Hem
şikayetçi olup hem de alabildiğine kendimizi kaptırdığımız şeydir
rekabet. Rekabetin bir yönünü büyüteç altına aldığımızda yegane amaç
olan “tercih ediliyor olmak” noktasında müşterinin tercihlerinde “ürün/fiyat
bilgisi”nin çok önemli olduğunu görürüz. Bunu farkedebilenler –ticaretin
acımasızlığı ile- bir teknik geliştirdiler: “sağ gösterip , sol vurmak”. Yani
ana üründeki fiyat cazibesini gösterip aksesuardan para kazanmak.
Yapılan
aslında basit; medya, reklam kanalları ve tüketici alışkanlıkları ile belli ana
ürünlerin, belli markaların etiket fiyatı üzerinden alabildiğine rekabet ortamı
yaratmak zaten mevcut düzenin en iyi yaptığı şey. Demek ki para buradan
kazanılamıyor. O zaman üzerinde bu spotların ve fiyat bilgisinin olmadığı bir
kanal bulmak ve bu rekabetten kaçmak lazım. İşte bu noktada AKSESUAR can simidi
olarak devreye giriyor. Her sektör kendi yapısı gereği bu fırsata ince
farklılıklar getirse de temelde mantık aynı.
Bazı sektörlerden
örnekler verelim. Cep telefonu fiyatlarında büyük rekabet var. Bir cep telefonu
satıcısı toptan 1.500 TL’ye aldığı bir telefonu, yoğun rekabet nedeni ile
% 5 civarında bir kar ile satabiliyor. Ama siz o telefonu satın alırken mutlaka
ekran koruma filmi yapıştırmak isteyeceksiniz. Koruyucu kapak/kılıf almak
isteyeceksiniz. İşte o zaman da maliyeti 2 TL ile 12 TL arasında değişen
aksesuarları 15 TL ile 60 TL arasında değişen fiyatlarla satın alacaksınız.

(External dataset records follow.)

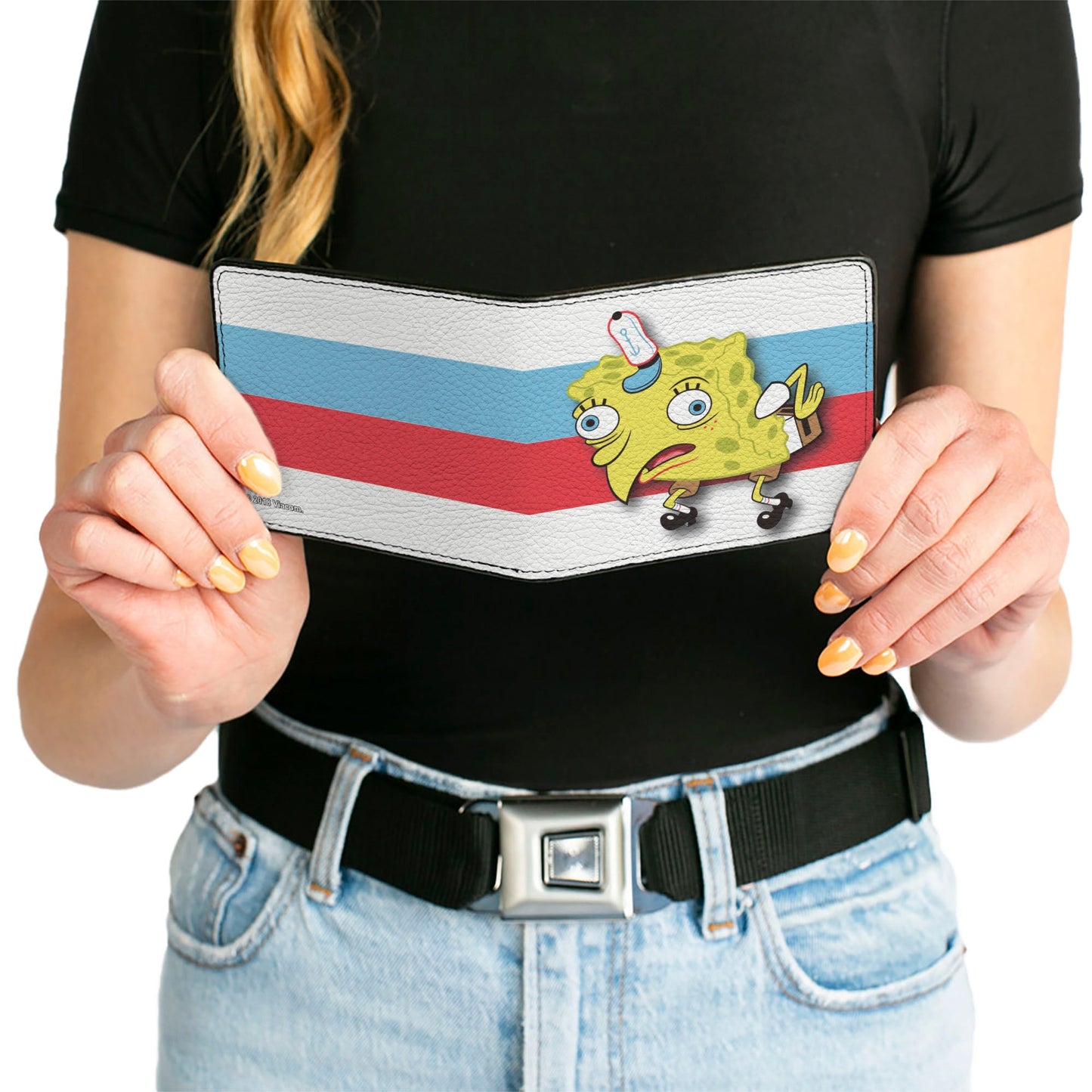 Bi-Fold Wallet - Mocking SpongeBob Pose Stripe White Black Red Blue
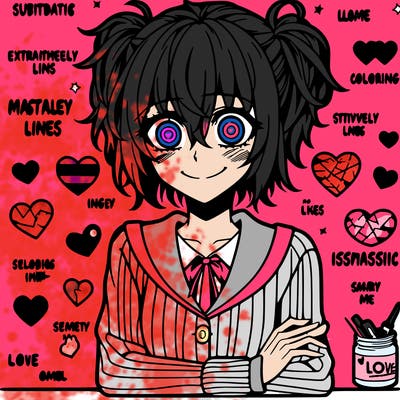 a psychopathic anime girl because she is in love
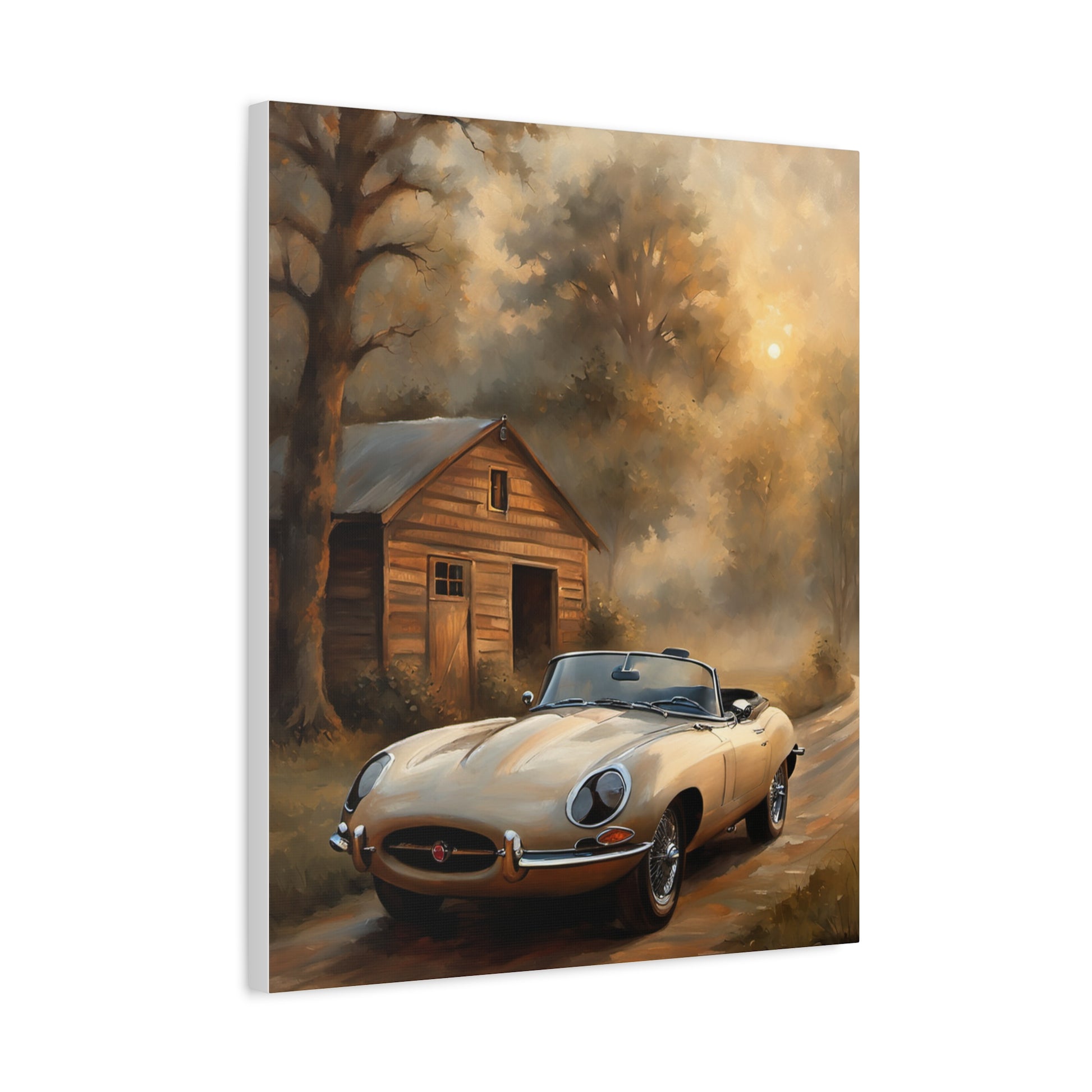 Vintage Car Wall Art featuring a classic car near a rustic cabin in a serene landscape
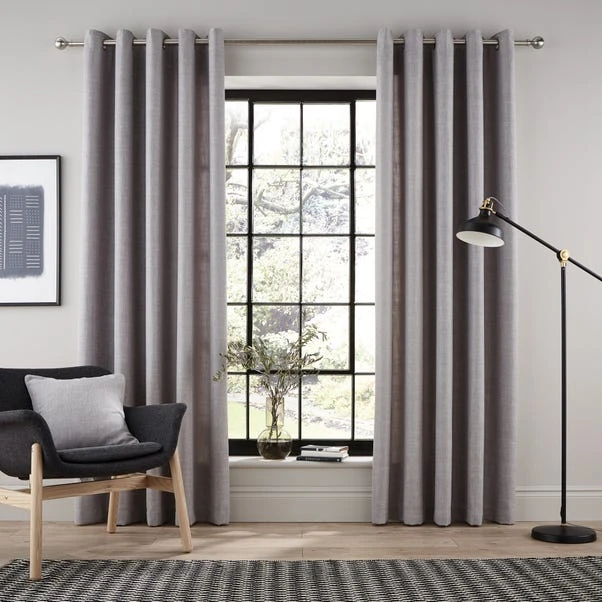 Dunelm Vermont Dove Grey Eyelet Curtains 4 Dunelm Vermont Dove Grey Eyelet Curtains - Image 2
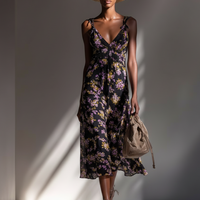Women's Simple Floral Print Midi Slip DressMDZ0824E3ZRK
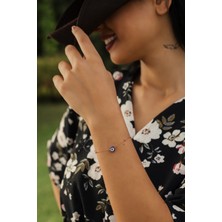 Sinsirella 925 Ayar Top Zincirli Nazar Boncuklu Gümüş Bileklik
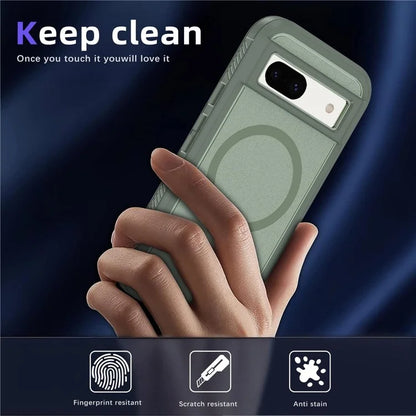 For Google Pixel 8a Case Matte TPU+PC Back Drop-Proof Phone Cover Compatible with MagSafe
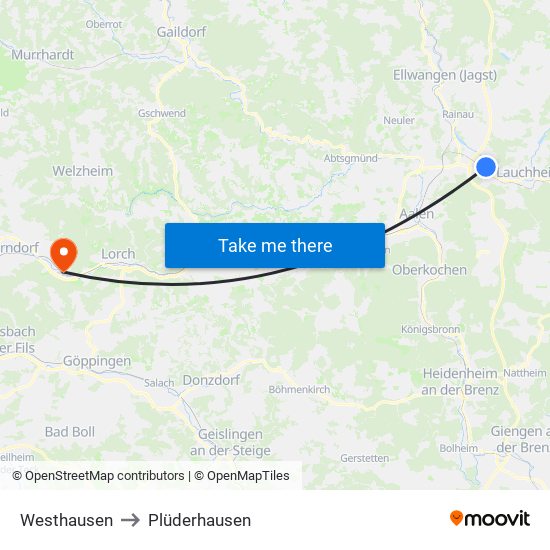 Westhausen to Plüderhausen map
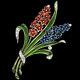 Trifari'Alfred Philippe' Smaller Red and Blue Double Hyacinth Pin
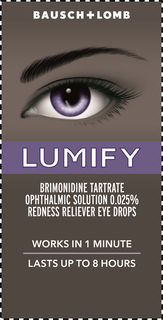 BAUSCH+LOMB LUMIFY BRIMONIDINE TARTRATE OPTHALMIC SOLUTION 0.025% REDNESS RELIEVER EYE DROPS WORKS IN 1 MINUTE LASTS UP TO 8 HOURS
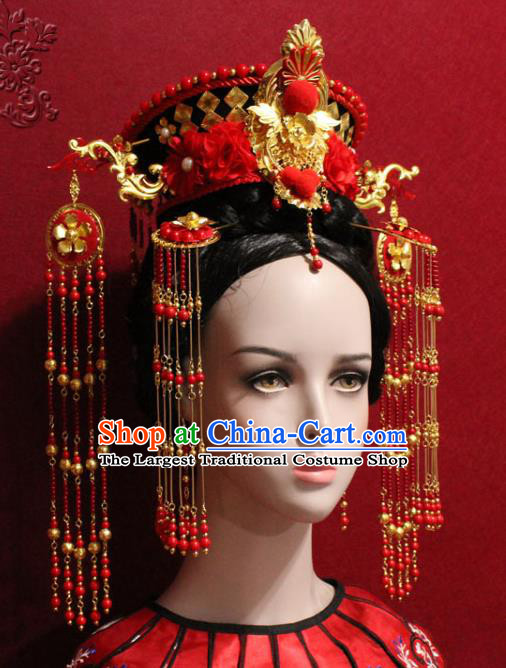 Traditional Chinese Ancient Imperial Consort Red Beads Tassel Phoenix Coronet Handmade Hair Jewelry Hairpins Hair Accessories Complete Set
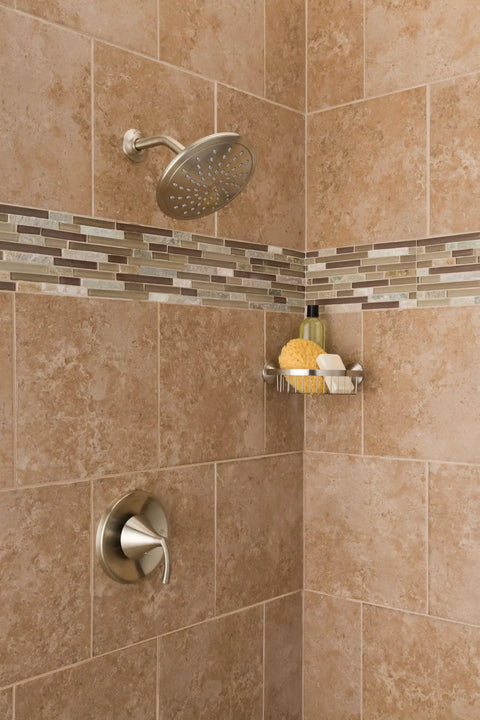 8 Inch Brushed Nickel Rain Showerhead Fixed Round Wide Rain Shower Head With 2.5 GPM Flow Easy Install On 1/2 Inch IPS Arm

Yani mağaza sattığı cep telefonundan değil aksesuarından kazanmaya başlayacak. Çünkü
satıcı için aksesuarların hem stok maliyeti az, hem kar marjı çok yüksek.
Yaşadığım tipik bir örnek: 1998 yılında GSM aksesuarları toptan satıcısı idim.
O yıllardaki tüm cep telefonu modelleri antenli idi. Özellikle bir markanın
antenleri çok sık kırılırdı. 50 şer adetlik poşetlerde toptan satardım o
anteni. Bir gün bir cep telefoncuya 50 adetlik poşette anten verdim. Ben
faturayı yazarken bir perakende müşteri geldi ve 1 adet anten istedi. Masanın
üzerindeki poşet içinden bir adet anten verildi ve karşılığında alınan para
direk olarak bana verildi. 50 adetlik poşetin parası ödenmiş oldu.
GSM
operatörlerinin ana mağazalarının esas amacı abonelik sayısını arttırmaktır.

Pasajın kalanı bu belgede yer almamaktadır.